Sangat memalukan melihat -orang-orang Korowai sekarat setiap minggu karena kemiskinan dan kurang gizi sementara penambang emas semakin kaya dari sumber daya alam tanah orang Korowai.
Ketiga, Ada cukup bukti yang menunjukkan bahwa beberapa penambang emas menggunakan merkuri kimia berbahaya dan membuangnya ke sungai Deiram Hitam.
Orang Korowai bergantung pada sungai itu untuk hidup. Dan para penambang emas merusak lingkungan.
Keempat, Menurut saksi ada prajurit TNI dan Kopassus yang terlibat.
Kelima, Penduduk setempat tidak mendapat kompensasi yang adil. Bos emas membebankan uang yang cukup banyak hanya untuk sedikit beras.
Menurut saksi satu sak beras 25 kg seharga Rp, 6.000.000. Satu sak beras 20 kg Rp. 5.000.000. Supermi perkarton Rp. 2.000.000.
Harga-harga ini meningkat dan merupakan bukti bahwa para penambang emas tidak tertarik untuk membantu orang Korowai dengan cara apa pun, tetapi orang Korowai menjadi semakin miskin dengan hanya mencoba untuk makan.

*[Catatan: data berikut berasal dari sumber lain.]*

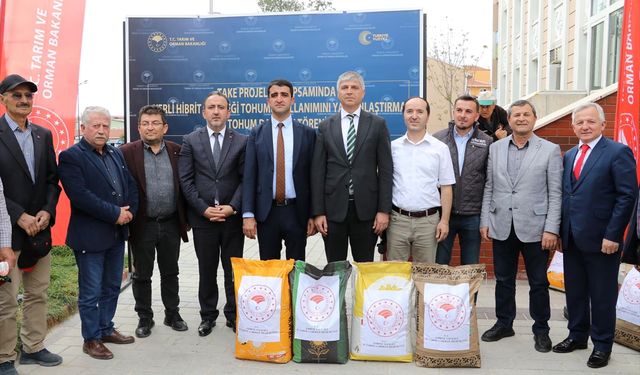 Edirne'de çiftçilere hastalıklara dayanıklı yerli hibrit ayçiçeği tohumu dağıtıldı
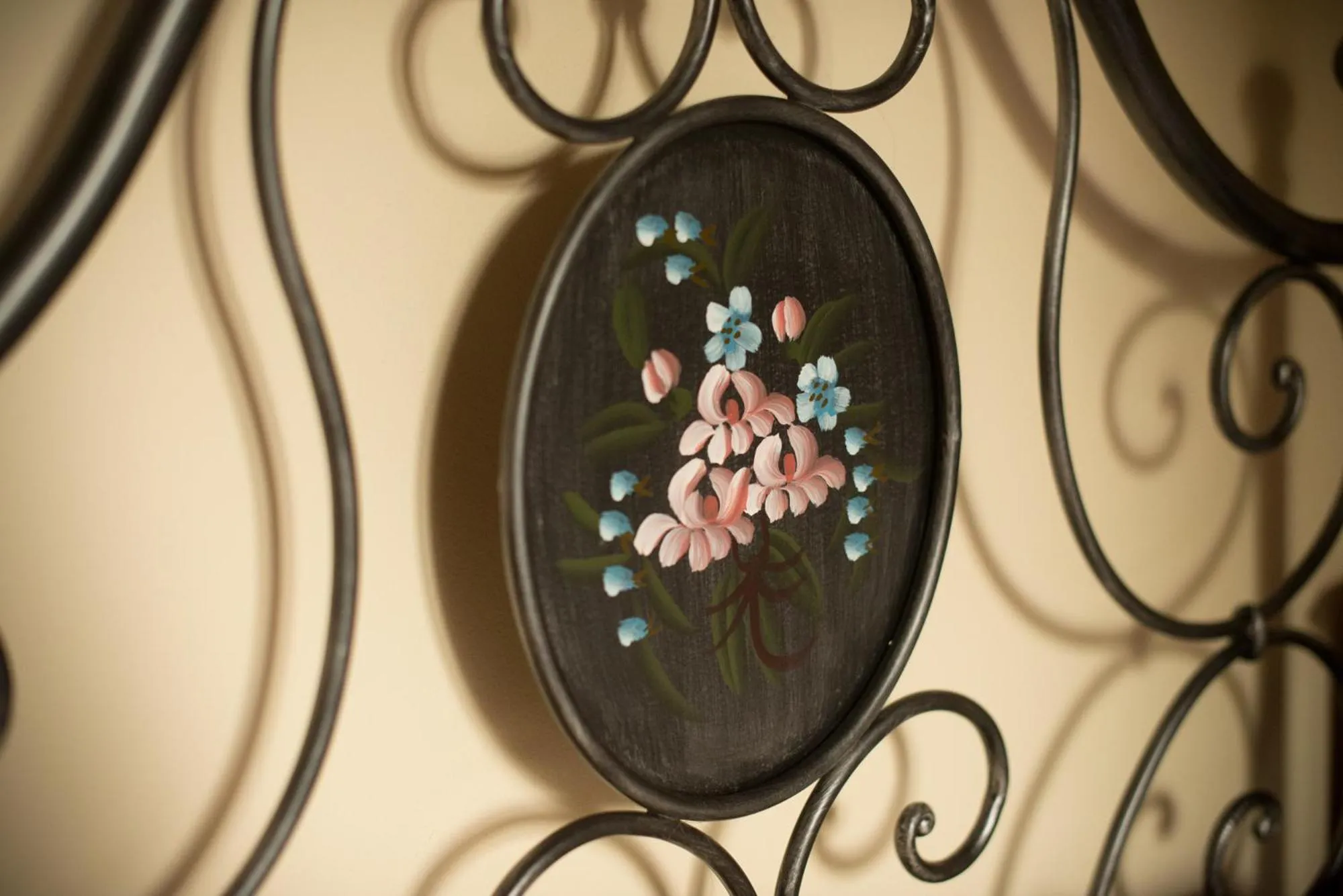 Decorative detail in Dimora Fra' Giovanni B&B Relais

Mereka bahkan tidak dapat menyelam (molo) mencari ikan karena sungai (yang dulu bersih dan jernih) sekarang berwarna kuning dan kotor sehingga mereka tidak bisa lagi mendapatkan ikan.
Para penambang emas ini seperti lintah yang mengisap darah orang yang sakit.

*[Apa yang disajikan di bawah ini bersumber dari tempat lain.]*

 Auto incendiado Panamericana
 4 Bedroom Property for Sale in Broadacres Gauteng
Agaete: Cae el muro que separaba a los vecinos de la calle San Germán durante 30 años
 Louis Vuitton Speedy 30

Keenam, Orang Korowai masih merupakan orang-orang yang terabaikan yang menderita banyak penyakit dan kekurangan gizi. Saya sendiri mengalami kesulitan untuk menyewa sebuah helikopter untuk membantu anak-anak yang sakit dan sekarat disini karena biayanya sangat mahal.
Bapak dapat membayangkan bagaimana saya merasa marah sekali ketika saya mendengar bahwa ada lebih dari satu helikopter setiap hari yang bolak-balik dari Dekai ke lokasi emas, sebanyak 7 kali sehari, untuk mengambil emas dari tanah orang Korowai. Anak-anak yang sakit bahkan tidak bisa mendapatkan transportasi … tetapi selalu ada heli yang tersedia bagi para penambang emas!
Tujuh, Saya menduga ada “tangan tersembunyi” di balik ini. Sebagai hamba Tuhan, kita harus membersihkan korupsi yang masih ada di Papua. Banyak langkah ke depan telah diambil, tetapi ada banyak kasus penebangan liar dan penambangan ilegal yang masih terjadi di Papua.
Tuhan akan tersenyum melayani pelayanan Bapak jika Bapak membantu membersihkan korupsi ini dan akan memberkati waktu Bapak sebagai gubernur.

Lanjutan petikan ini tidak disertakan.